Un des terrains d’affrontements de cette élection est le choix de rester ou non au sein de l’Union européenne. La question européenne et sa prise en otage par les deux grands partis est-elle selon vous l’enjeu central de cette élection ? Une sortie de l’Union Européenne du pays est-elle plausible ?
En fait, la question européenne en tant que telle, dans sa spécificité, n’est pas au centre de l’élection. Ce sont les questions d’emploi, de croissance ou d’immigration qui captent l’attention. La question européenne ne devient un enjeu que lorsqu’elle est phagocytée par ces différents thèmes domestiques, et elle n’est donc jamais prise véritablement en elle-même.
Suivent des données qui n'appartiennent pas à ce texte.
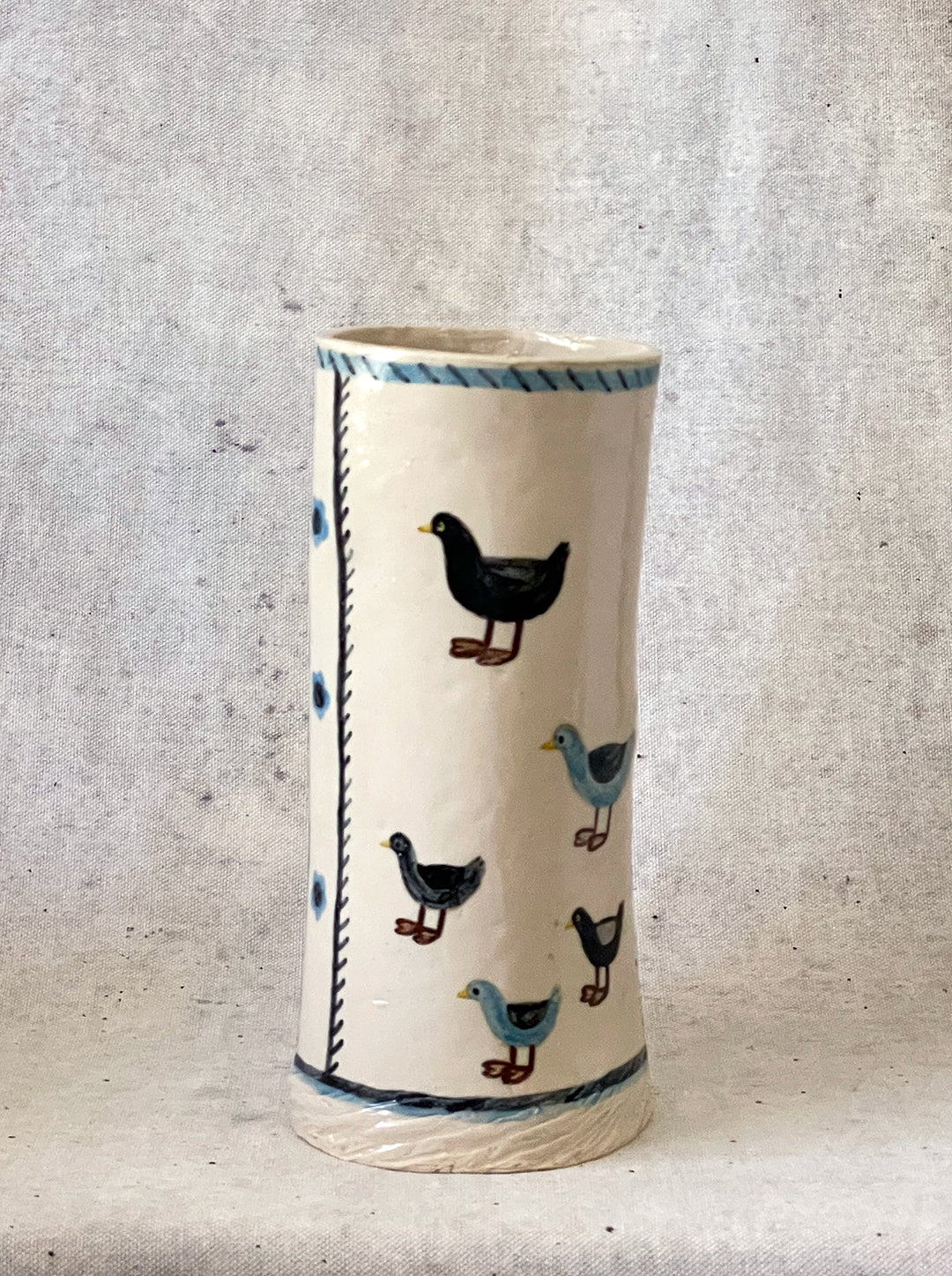 DUCK VASE NO. 3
La City est favorable au maintien dans l’Union pour des raisons économiques et financières. De son côté, le parti UKIP a réussi à créer un amalgame au sein de l’opinion publique en liant de façon étroite le thème de l’immigration avec celui de l’Union européenne et de l’espace Schengen. Par ce tour de passe-passe, la question européenne est ainsi interprétée en fonction d’un spectre strictement domestique, et au prisme presque exclusif du débat intérieur.
Si l’on se place dans le cas plausible où aucun des partis n’acquiert de majorité de gouvernement à l’issue du scrutin, on peut envisager différentes configurations possibles sur la question européenne. Dans le cas d’une coalition entre les conservateurs et le parti UKIP, le référendum sur la sortie du Royaume-Uni de l’Union européenne risque d’être avancé en 2016 au lieu de 2017. Or il est aujourd’hui impossible de prévoir dans quel sens les conservateurs feront campagne : en fonction des concessions que David Cameron peut obtenir auprès de ses partenaires européens, il peut aussi bien faire campagne pour la sortie ou le maintien du pays dans l’Union.
La deuxième configuration envisageable est une coalition entre les travaillistes et les libéraux-démocrates. Aucun de ces deux partis n’est favorable à la sortie du Royaume-Uni de l’Union européenne et à la tenue d’un référendum, sauf en cas de transfert de pouvoirs supplémentaire vers Bruxelles.
La dernière possibilité – et la plus ubuesque – est une coalition entre les travaillistes et le SNP. Dans un tel cas de figure, le Premier ministre deviendrait Ed Miliband son numéro 2 serait Alexander Salmond, le leader du SNP. On se retrouverait dans une situation où le Premier ministre adjoint du Royaume-Uni n’aurait eu de cesse de plaider ces derniers mois pour un démantèlement du Royaume au titre de l’indépendance de l’Ecosse.
Ces conséquences restent hypothétiques à l’heure actuelle, parce que la campagne ne fait que commencer et parce que nul ne peut prévoir les conséquences politiques des coalitions gouvernementales. Ces configurations sont très différentes les unes des autres, et semblent pouvoir basculer sur un coup de dés et un tour de négociation – pourtant elles auront chacune en réalité des conséquences de fond très importantes sur l’avenir du Royaume Uni et sur l’avenir de sa relation avec l’Union européenne.